• Colunistas

    Tuesday, 07-May-2024 21:09:24 -03
    Rogério Gentile

    Arroubo retórico

    21/01/2016 02h00

    SÃO PAULO - Advogados de acusados pela Operação Lava Jato iniciaram uma guerra política a fim de tentar compensar as dificuldades jurídicas ocasionadas pelas delações contra os seus clientes.

    Repetindo a estratégia malsucedida da época do mensalão (quando o alvo era Joaquim Barbosa), divulgaram uma carta acusando os investigadores e o juiz Sergio Moro de promoverem uma espécie de "inquisição" –"em que já se sabe, antes mesmo de começarem os processos, qual será o seu resultado".

    O exagero argumentativo dos advogados, no entanto, diz mais sobre a debilidade de suas causas do que o próprio insucesso, até aqui, ao menos, da maioria dos recursos impetrados nos tribunais superiores.

    O advogado Técio Lins e Silva, que defende um ex-diretor da Odebrecht, chegou a dizer que a Operação Lava Jato é pior do que a ditadura militar. "Estou falando de uma arbitrariedade como nunca se viu no Brasil", afirmou à Folha.

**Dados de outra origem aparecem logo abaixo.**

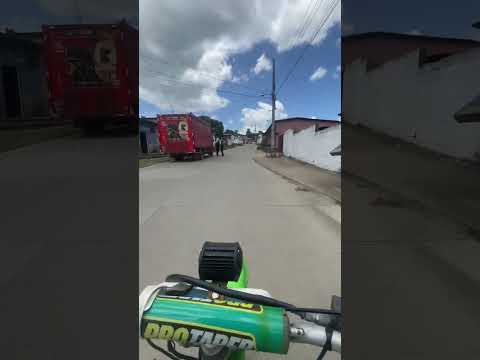 En moto por San Juan Tapalapa Casillas Santa Rosa Guatemala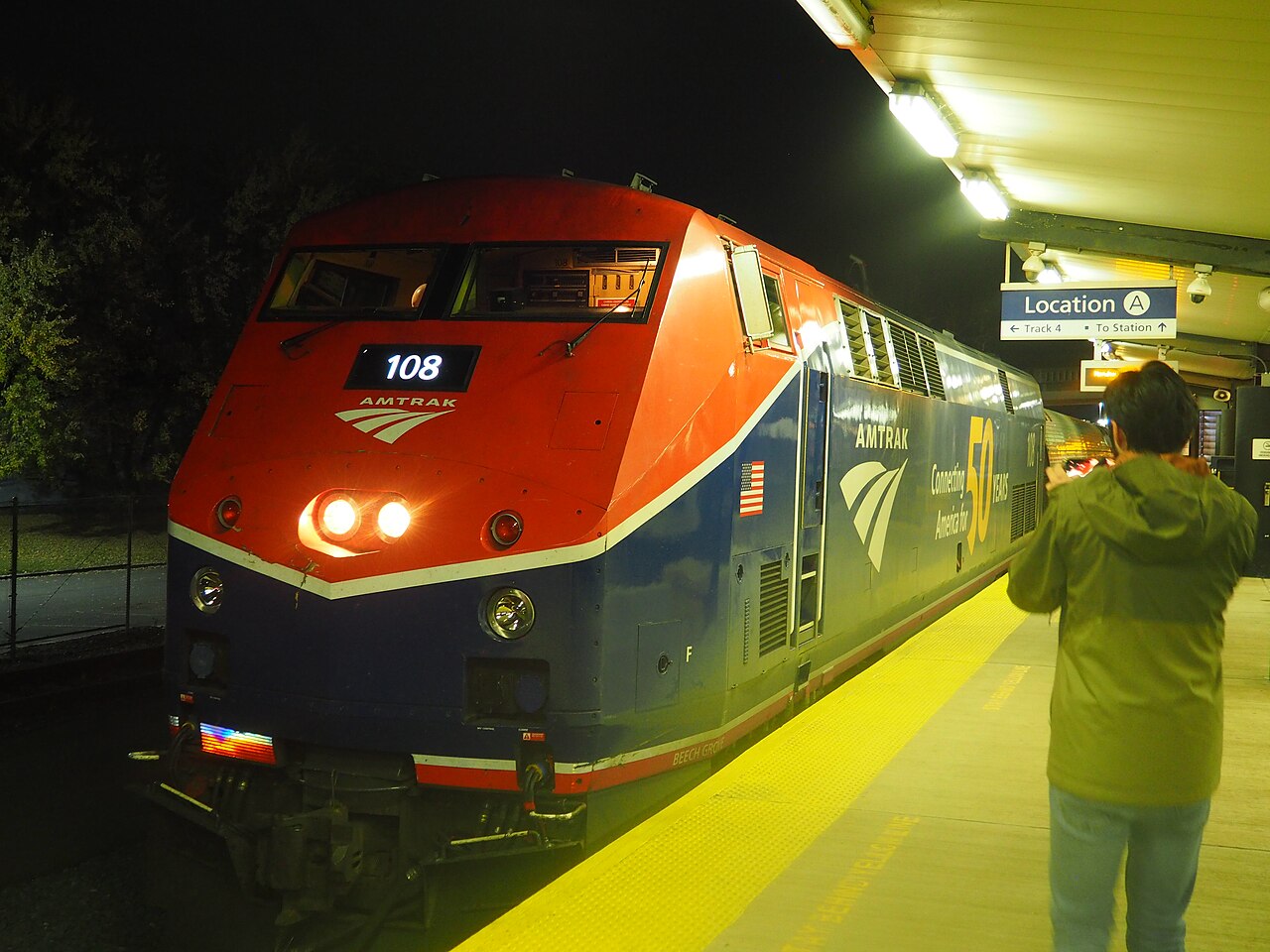 Amtrak diesel with admin 136929.jpg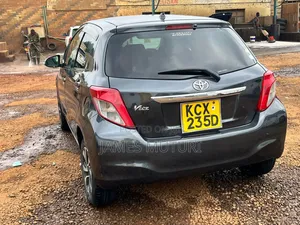 Toyota Vitz 2012 Gray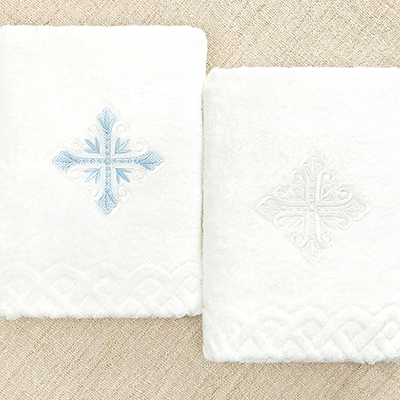 Махровое полотенце для крещения "Лучистый крестик" - миниатюра фотографии товара в каталоге ЛиноБамбино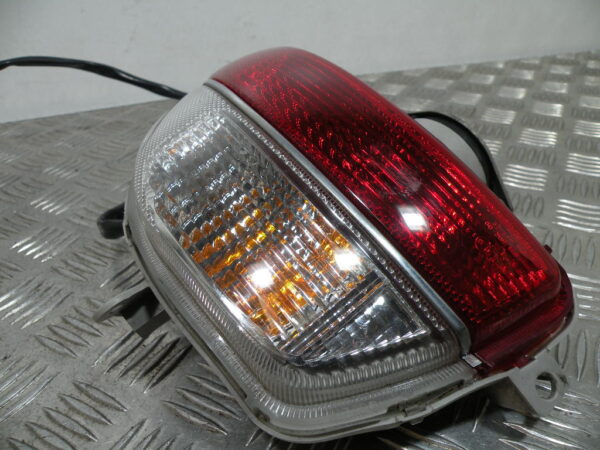Feu arrière droit   SUZUKI BURGMAN 650 4t -2009-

    Para contrapô-lo, contudo, basta relembrar o que disse anos atrás sobre a ditadura militar o próprio Técio Lins e Silva, que advogou para presos políticos e conseguiu, literalmente, salvar a vida de vários deles.

    "O AI-5 proibiu o habeas corpus para crime político. Você era preso e não podia mais recorrer."; "A lei permitia ao policial decretar a prisão por trinta dias e a incomunicabilidade por dez."; "O preso sumia, era difícil localizá-lo. Muitos nunca mais foram achados."; "Vários clientes ficavam presos encapuzados."; "Ela ficou tantas horas no pau de arara que teve uma ruptura no nervo ciático poplíteo externo, que é o que faz o pé dar sustentação ao corpo."

    É possível que a Lava Jato tenha cometido ilegalidades –cabe à própria Justiça analisá-las.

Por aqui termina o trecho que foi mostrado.